It’s disheartening to see piles of trash while walking on a gorgeous beach next to waves of crystal clear blue water. It’s shocking to see waste paper, plastic, rubber, and all sorts of debris. An ocean of trash means a world of trouble.
The ocean’s currents take all sorts of things all over the world. Ocean currents and wind together cause giant mounds of trash to end up in random places. The easiest way to explain it is the “Pacific garbage patch.” This garbage is a vast collection floating around in the Pacific Ocean. It includes everything from cigarettes and bottles to mattresses and pieces of cars. The earth’s wind patterns create these large patches of trash. The trapped trash makes its tornado. The Mediterranean Sea’s land-based sewage includes 80% untreated, highly toxic trash that could cause disease. One of the most common things in these patches are tiny bits of plastic.
Ocean pollution experts estimate between 8 and 13 million metric tons of plastic flowing into the ocean every year. From tiny to large plastic pieces, all of these prevent natural sunlight from getting to the ocean’s water column. On average, about every square mile of the ocean surface contains more than 45,000 floating plastic chunks. This plastic pollution means microscopic life forms starve from the nutrients they need. Algae and plankton cannot survive. Fish that eat them die off. Plastics in the aquatic environment only cause harm. It takes too long to decompose.
The ocean is not a landfill. Yet, debris still ends-up in the sea. 80% of microplastics are a direct result of activities taking place on land. The other 20% is shipping pollution. When you throw away your trash, it might end up in the ocean. It falls off the truck, blows away and ends up in a sewer system. This trash goes to the rivers, which then goes to the seas.
Oceans filled with trash are a considerable concern. The harmful effects of pollution hurt plants and animals. The waste carries toxins to them, and these substances also absorb oxygen from ocean water. The sea life needs this oxygen to survive. About one million birds die every year as a result of trash and pollution in the seas. Many animals either perish, or plastic pollution throws off their reproductive cycles.

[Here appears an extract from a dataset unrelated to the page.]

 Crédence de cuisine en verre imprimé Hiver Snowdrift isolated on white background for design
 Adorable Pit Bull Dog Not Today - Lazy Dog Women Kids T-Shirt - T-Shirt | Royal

Humans might be affected by the pollution of the oceans as well. When aquatic life is thrown-off due to pollution, the food chain could be interrupted, which means that the global food supply could be thrown-off too. There may be enough fish to eat, but one day may come when these fish are toxic for consumption.

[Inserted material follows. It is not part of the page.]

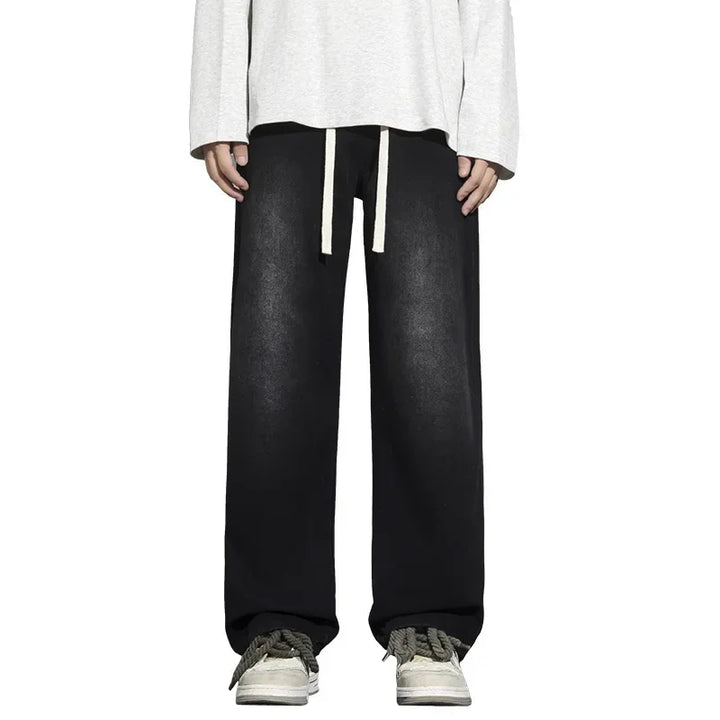 Herren Straßenstil Baggy Jeans | Hohe Taille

The London Convention from 1975 is an international agreement to promote the control of all sources of marine pollution. It took steps to prevent pollution by not dumping waste into the waters. The US also passed the ODA, Ocean Dumping Act, and the CWA, the Clean Water Act. These laws have made changes, but nothing to stop the pollution altogether.
Everyone can do their part to help solve the trash issues in the oceans. You can become an activist rallying on behalf of the organizations that work to clean up the oceans. You can stay away from using harmful chemicals on your land, buying products that contain microplastics. Stay updated on your local politicians’ positions on fighting for the health of oceans. The most important thing to do is educate others on this issue. Never stop studying and researching. It’s essential for generations now to step up so that future generations can enjoy those beautiful walks on the beach.